(Stored data)
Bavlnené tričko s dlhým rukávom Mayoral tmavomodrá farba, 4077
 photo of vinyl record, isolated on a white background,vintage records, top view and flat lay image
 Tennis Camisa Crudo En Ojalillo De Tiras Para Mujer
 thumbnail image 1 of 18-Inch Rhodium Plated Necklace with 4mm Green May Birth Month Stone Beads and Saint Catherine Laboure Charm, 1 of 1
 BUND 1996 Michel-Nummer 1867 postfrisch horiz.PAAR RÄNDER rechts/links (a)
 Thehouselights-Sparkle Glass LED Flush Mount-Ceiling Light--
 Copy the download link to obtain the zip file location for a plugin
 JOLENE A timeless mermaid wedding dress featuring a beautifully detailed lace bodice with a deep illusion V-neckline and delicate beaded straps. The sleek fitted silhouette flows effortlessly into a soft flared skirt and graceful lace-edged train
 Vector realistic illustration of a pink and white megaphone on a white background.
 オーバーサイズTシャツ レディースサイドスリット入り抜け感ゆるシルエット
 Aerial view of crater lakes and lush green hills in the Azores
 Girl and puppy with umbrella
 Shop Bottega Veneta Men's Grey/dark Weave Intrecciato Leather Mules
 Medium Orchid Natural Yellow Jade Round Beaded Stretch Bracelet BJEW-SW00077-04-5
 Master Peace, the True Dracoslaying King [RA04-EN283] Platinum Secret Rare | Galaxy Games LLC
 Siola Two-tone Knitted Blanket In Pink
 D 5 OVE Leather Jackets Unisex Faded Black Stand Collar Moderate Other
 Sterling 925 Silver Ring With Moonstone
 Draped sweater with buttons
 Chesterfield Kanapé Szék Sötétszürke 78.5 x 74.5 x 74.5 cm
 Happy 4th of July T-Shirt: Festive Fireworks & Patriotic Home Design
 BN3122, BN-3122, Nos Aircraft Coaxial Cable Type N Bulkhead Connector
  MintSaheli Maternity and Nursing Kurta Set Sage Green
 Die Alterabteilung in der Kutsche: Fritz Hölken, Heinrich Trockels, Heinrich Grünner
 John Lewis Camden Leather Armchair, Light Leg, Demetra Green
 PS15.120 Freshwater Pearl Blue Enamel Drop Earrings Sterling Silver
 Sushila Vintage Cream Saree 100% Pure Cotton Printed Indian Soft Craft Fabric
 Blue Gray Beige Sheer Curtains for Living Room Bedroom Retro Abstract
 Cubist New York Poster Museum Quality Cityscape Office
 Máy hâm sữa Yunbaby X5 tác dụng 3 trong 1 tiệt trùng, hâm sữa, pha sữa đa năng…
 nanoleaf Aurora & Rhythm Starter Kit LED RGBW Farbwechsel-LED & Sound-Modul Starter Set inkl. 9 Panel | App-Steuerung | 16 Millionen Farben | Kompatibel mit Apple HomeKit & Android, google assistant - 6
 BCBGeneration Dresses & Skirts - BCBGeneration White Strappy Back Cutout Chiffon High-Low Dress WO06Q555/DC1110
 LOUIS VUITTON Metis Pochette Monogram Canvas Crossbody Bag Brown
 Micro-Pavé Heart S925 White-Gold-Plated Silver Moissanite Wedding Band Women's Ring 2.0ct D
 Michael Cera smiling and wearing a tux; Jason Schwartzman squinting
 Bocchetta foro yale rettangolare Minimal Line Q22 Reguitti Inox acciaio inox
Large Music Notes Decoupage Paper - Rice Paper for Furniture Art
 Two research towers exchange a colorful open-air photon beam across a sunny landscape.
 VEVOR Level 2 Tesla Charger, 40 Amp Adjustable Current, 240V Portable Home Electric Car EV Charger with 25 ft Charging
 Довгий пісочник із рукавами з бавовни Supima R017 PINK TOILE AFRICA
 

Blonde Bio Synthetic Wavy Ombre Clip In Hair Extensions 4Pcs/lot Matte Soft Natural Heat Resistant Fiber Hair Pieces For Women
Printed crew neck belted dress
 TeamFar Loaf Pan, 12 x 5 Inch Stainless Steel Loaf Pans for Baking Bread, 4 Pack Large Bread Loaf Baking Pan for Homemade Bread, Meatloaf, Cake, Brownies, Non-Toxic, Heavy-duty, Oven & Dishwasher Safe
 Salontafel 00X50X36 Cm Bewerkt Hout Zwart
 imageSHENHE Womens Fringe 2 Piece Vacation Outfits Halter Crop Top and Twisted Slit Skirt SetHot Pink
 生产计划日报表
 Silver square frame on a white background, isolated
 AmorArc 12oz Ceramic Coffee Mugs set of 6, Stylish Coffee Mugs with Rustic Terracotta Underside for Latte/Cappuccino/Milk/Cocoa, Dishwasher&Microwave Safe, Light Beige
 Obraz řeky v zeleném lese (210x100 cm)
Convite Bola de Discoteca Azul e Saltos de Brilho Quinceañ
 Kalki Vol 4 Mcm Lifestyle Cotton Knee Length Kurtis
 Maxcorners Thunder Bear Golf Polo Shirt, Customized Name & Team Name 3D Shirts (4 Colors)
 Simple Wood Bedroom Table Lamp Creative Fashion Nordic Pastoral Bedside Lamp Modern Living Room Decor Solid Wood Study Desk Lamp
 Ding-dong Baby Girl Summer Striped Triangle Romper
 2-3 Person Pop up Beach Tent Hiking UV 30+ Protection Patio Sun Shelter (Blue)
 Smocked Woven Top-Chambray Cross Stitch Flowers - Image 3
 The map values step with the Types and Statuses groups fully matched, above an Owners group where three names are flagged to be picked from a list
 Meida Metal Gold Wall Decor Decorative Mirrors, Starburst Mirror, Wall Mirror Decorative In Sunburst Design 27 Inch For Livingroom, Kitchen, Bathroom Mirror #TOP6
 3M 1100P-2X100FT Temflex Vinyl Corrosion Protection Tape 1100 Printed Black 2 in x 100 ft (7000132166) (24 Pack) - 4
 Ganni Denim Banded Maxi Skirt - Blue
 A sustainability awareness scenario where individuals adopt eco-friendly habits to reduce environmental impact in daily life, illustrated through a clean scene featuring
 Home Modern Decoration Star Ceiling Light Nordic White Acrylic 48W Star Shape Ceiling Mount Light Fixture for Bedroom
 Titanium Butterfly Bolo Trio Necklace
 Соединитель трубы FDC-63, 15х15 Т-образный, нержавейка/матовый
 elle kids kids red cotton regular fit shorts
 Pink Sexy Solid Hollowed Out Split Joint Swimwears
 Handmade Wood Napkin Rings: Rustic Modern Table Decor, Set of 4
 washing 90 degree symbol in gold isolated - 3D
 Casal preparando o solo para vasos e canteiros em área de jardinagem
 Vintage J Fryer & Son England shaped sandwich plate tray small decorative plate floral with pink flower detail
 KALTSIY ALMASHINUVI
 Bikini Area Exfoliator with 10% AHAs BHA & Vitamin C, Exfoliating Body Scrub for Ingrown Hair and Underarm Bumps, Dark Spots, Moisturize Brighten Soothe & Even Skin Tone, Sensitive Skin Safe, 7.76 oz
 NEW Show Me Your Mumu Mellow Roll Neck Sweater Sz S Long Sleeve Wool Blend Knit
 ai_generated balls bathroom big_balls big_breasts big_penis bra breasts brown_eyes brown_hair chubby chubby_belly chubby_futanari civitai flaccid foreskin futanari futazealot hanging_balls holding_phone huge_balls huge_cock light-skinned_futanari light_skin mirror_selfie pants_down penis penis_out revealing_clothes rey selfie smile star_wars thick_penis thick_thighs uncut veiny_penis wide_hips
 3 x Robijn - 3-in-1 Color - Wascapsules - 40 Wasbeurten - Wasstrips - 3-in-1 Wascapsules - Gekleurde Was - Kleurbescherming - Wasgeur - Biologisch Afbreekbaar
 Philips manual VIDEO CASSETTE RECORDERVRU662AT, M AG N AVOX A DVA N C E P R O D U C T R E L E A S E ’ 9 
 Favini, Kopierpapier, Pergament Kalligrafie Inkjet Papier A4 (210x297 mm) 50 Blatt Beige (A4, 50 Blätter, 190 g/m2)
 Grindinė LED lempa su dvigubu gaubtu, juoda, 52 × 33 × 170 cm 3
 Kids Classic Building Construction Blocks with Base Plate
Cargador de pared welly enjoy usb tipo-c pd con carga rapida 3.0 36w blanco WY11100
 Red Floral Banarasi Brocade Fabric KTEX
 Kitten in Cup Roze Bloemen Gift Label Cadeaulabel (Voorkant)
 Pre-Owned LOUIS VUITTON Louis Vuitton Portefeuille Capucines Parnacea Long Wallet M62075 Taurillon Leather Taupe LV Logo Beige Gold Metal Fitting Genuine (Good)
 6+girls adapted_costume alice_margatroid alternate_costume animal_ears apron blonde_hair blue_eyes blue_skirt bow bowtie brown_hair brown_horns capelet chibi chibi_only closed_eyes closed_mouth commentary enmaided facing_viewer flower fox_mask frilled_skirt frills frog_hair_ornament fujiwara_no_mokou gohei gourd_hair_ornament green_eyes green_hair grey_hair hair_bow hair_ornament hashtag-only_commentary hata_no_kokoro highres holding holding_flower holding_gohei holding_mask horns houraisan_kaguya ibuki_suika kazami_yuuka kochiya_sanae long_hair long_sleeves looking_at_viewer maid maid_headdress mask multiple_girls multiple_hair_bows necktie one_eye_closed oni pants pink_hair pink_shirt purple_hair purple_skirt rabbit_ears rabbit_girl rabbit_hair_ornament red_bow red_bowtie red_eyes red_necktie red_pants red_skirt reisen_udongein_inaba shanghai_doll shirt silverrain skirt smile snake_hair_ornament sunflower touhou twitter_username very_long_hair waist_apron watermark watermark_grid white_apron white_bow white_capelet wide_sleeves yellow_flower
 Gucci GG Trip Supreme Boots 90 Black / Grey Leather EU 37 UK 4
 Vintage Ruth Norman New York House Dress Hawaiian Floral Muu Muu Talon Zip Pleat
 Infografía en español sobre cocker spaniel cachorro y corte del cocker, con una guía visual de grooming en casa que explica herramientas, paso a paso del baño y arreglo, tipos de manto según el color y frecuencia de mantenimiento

Required action »
All that is wanted is a faithful reproduction of the line above with "オーバーサイズTシャツ レディースサイドスリット入り抜け感ゆるシルエット", the line with "John Lewis Camden", and every line in between.

Worked solution »
 オーバーサイズTシャツ レディースサイドスリット入り抜け感ゆるシルエット
 Aerial view of crater lakes and lush green hills in the Azores
 Girl and puppy with umbrella
 Shop Bottega Veneta Men's Grey/dark Weave Intrecciato Leather Mules
 Medium Orchid Natural Yellow Jade Round Beaded Stretch Bracelet BJEW-SW00077-04-5
 Master Peace, the True Dracoslaying King [RA04-EN283] Platinum Secret Rare | Galaxy Games LLC
 Siola Two-tone Knitted Blanket In Pink
 D 5 OVE Leather Jackets Unisex Faded Black Stand Collar Moderate Other
 Sterling 925 Silver Ring With Moonstone
 Draped sweater with buttons
 Chesterfield Kanapé Szék Sötétszürke 78.5 x 74.5 x 74.5 cm
 Happy 4th of July T-Shirt: Festive Fireworks & Patriotic Home Design
 BN3122, BN-3122, Nos Aircraft Coaxial Cable Type N Bulkhead Connector
  MintSaheli Maternity and Nursing Kurta Set Sage Green
 Die Alterabteilung in der Kutsche: Fritz Hölken, Heinrich Trockels, Heinrich Grünner
 John Lewis Camden Leather Armchair, Light Leg, Demetra Green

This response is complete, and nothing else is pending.